### ABOUT THIS EXERCISE
The entries below should be set down again exactly, with every picture left out.
╭─ EXERCISE DATA
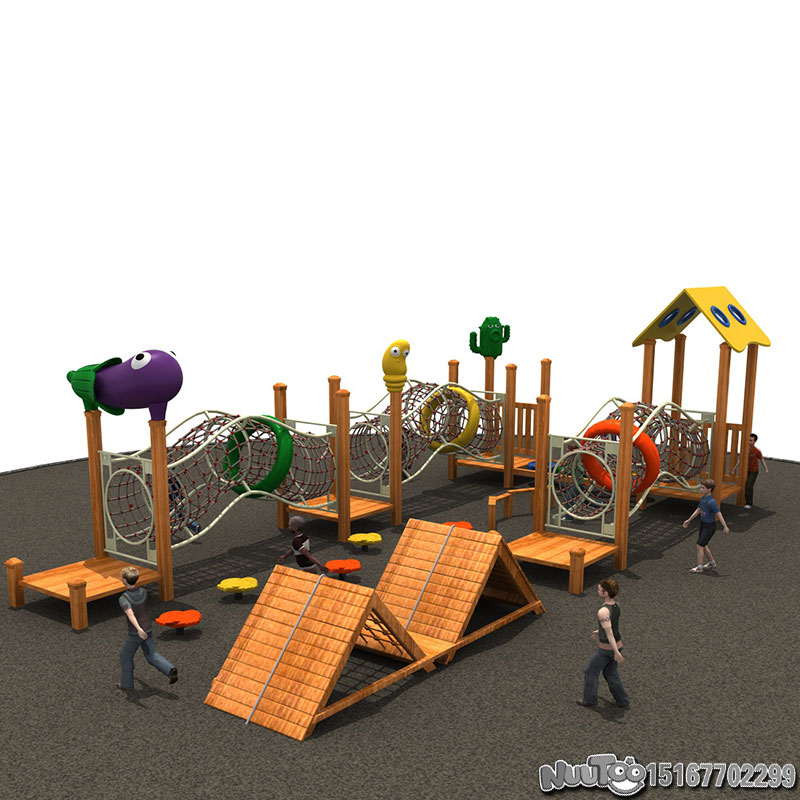 戶外小型游樂設(shè)備給戶外運(yùn)動提供更多靈活性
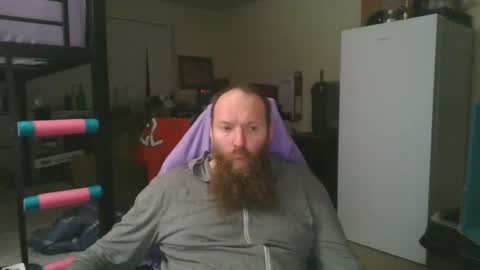 mackhere4u online show from February 3, 5:38 am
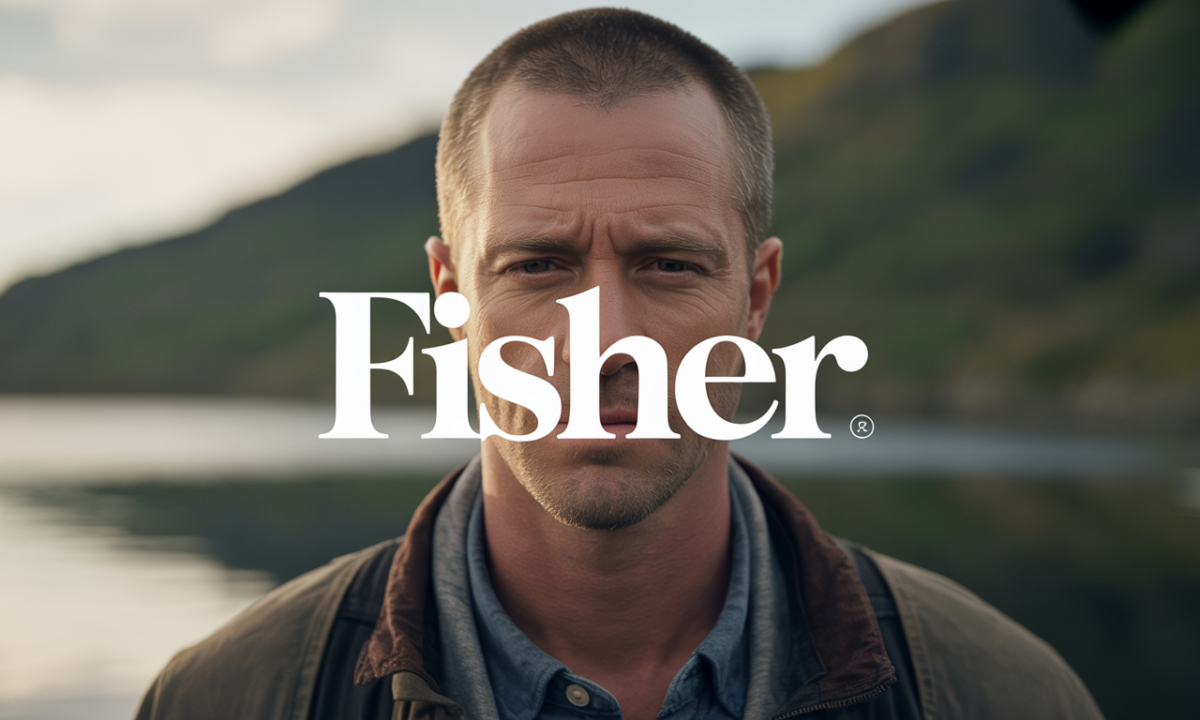 Illustration de Fisher, Personnalités et Célébrités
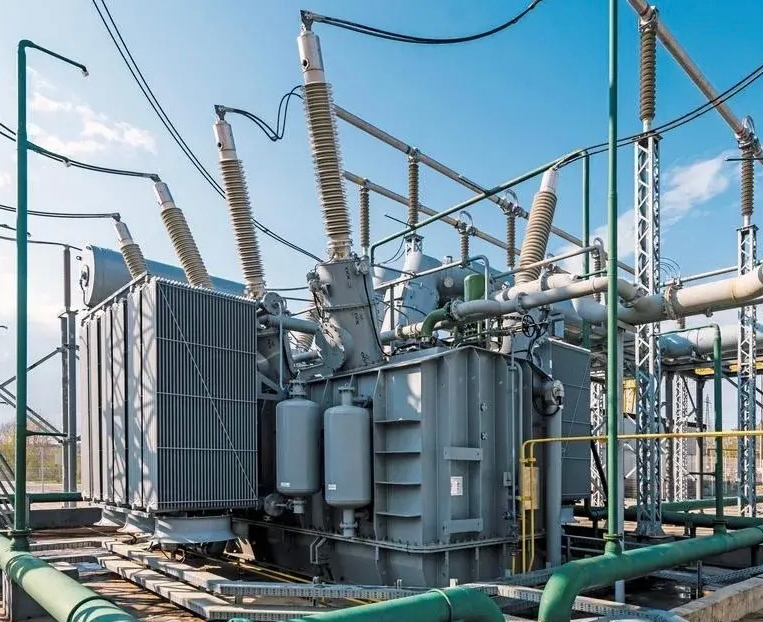 РусГидро и Россети заключили соглашение о сотрудничестве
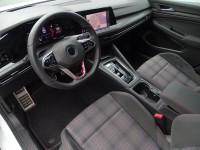 VW Golf VIII 2.0 GTI DSG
╰─
### WRITTEN SOLUTION
 戶外小型游樂設(shè)備給戶外運(yùn)動提供更多靈活性
 mackhere4u online show from February 3, 5:38 am
 Illustration de Fisher, Personnalités et Célébrités
 РусГидро и Россети заключили соглашение о сотрудничестве
 VW Golf VIII 2.0 GTI DSG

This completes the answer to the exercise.